扇形車庫を出て、転車台で回転して出場するDT610です。1929年の汽車会社製造です。この写真は、台北駅近くの元台湾総督府交通局の建物を整備した国立台湾博物館鉄道部園区に展示されています。よろしかったら探してみてください。
DT592と煙管再利用の柵

手前の柵は機関車の古い煙管を再利用した物です。鉄道では古くなったレールや煙管などを再利用した例が多く見かけられました。「工場重地、閑人勿進」とは「厳重管理区域の工場、無関係の者進入禁止」という意味です。閑人は日本語ではひまじんですが、中国語では意味が異なります。
DT672

これから出場するDT672は、煙室のシンダーを除去して、給水、給炭した最後の、煤でよごれた前面を水で洗い流していました。
DT673の運転台と炭水車

DT673は1942年の汽車会社の製造で、元台湾総督府交通局のD5123です。台湾のDT650形は当然ながら開放式の運転台で、炭水車には、タブレット閉塞のタブレットキャリアで車体を傷つけないように、手作りの緩衝器が取り付けられていました。
R136と噴水

R136が北上する莒光号を牽引して新竹駅に進入していきます。
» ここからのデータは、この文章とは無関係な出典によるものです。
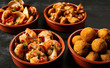 Four bowls of Spanish appetizers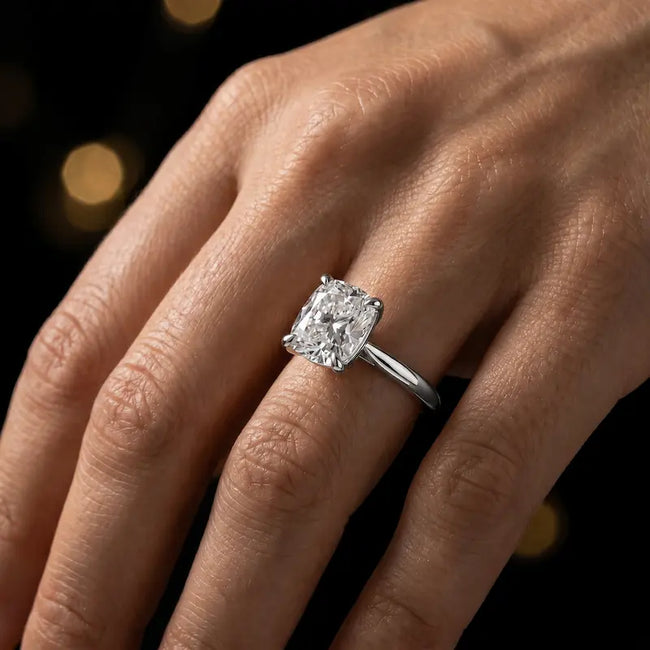 1.5 carat cushion cut diamond solitaire engagement ring in an 18kt white gold 4 claw setting worn on a hand, by TJ Diamond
R136はアメリカのGE-EMDで製造したR100形の電気式ディーゼル機関車です。手前には手作りだと思われる噴水がありました。2024年に新竹駅を訪問したときには、この噴水は既にありませんでした。
DT592とCT187

手前は留置中のDT592で、先には客車の入換中のCT187が推進運転中です。DT592は1942年、CT187は1926年にいずれも汽車会社で製造されました。CT150形牽引の客車列車は縱貫線の普通列車や内湾線で見られました。
DT672とDT673のすれ違い

新竹駅方向ではDT652の南下貨物列車が通り過ぎようとしています。手前はDT653で、すれ違いました。右上に新竹駅の駅舎の塔が見えます。新竹駅の駅舎は1912年の完成で現在は台湾の重要文化財に指定されています。